╭─ EXERCISE MATERIAL

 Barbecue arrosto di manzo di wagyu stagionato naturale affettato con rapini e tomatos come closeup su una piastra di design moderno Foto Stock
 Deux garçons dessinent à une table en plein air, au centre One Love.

╰─
╭─ EXERCISE MATERIAL

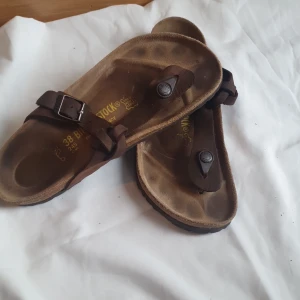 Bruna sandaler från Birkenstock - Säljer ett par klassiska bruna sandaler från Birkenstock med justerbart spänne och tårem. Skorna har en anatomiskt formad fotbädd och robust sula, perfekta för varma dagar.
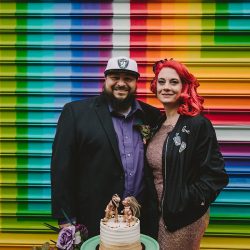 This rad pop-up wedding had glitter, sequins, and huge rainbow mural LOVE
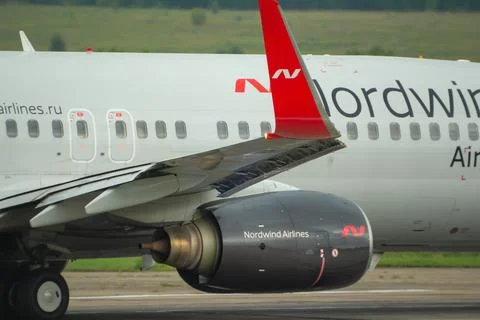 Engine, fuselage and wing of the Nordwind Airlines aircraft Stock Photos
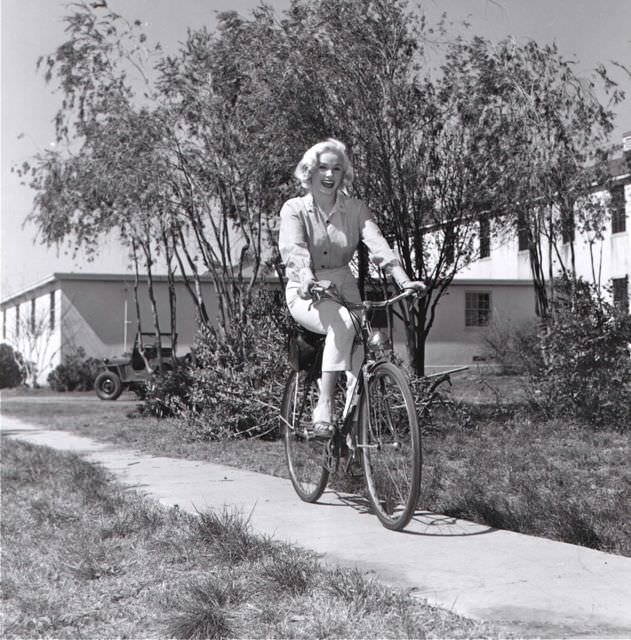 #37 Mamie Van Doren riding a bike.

╰─
╭─ EXERCISE MATERIAL

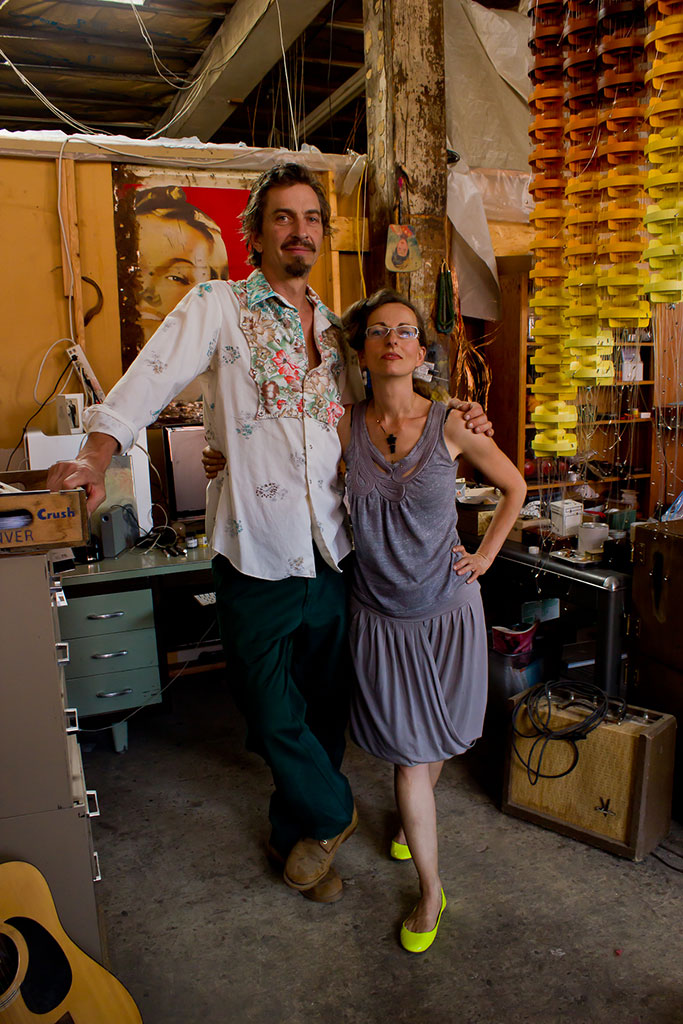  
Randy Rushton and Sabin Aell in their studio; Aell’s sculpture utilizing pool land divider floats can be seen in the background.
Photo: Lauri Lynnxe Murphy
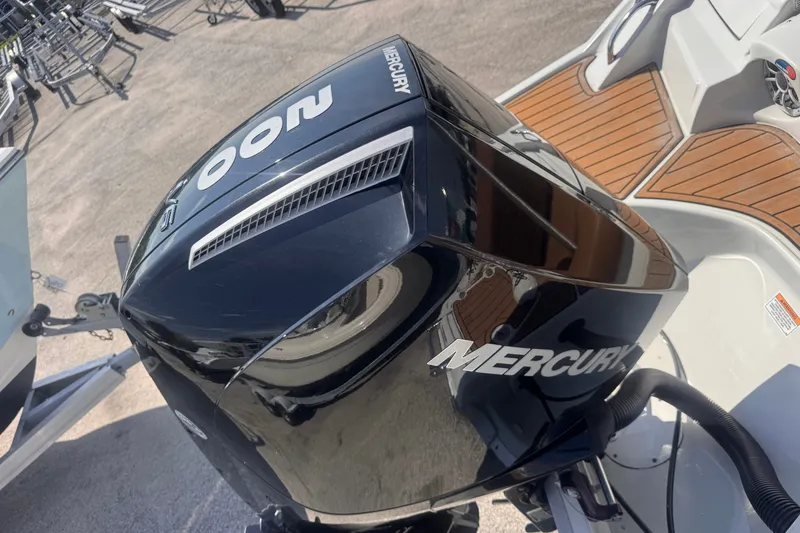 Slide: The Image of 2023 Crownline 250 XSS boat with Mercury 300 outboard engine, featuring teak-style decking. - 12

╰─

> [EXERCISE DESCRIPTION] Copy only these lines from the records above, exactly: the one with "Engine, fuselage and", the one with "#37 Mamie Van Doren riding a bike.", and those between. Skip the pictures.

> [ANSWER TO THE EXERCISE]
 Engine, fuselage and wing of the Nordwind Airlines aircraft Stock Photos
 #37 Mamie Van Doren riding a bike.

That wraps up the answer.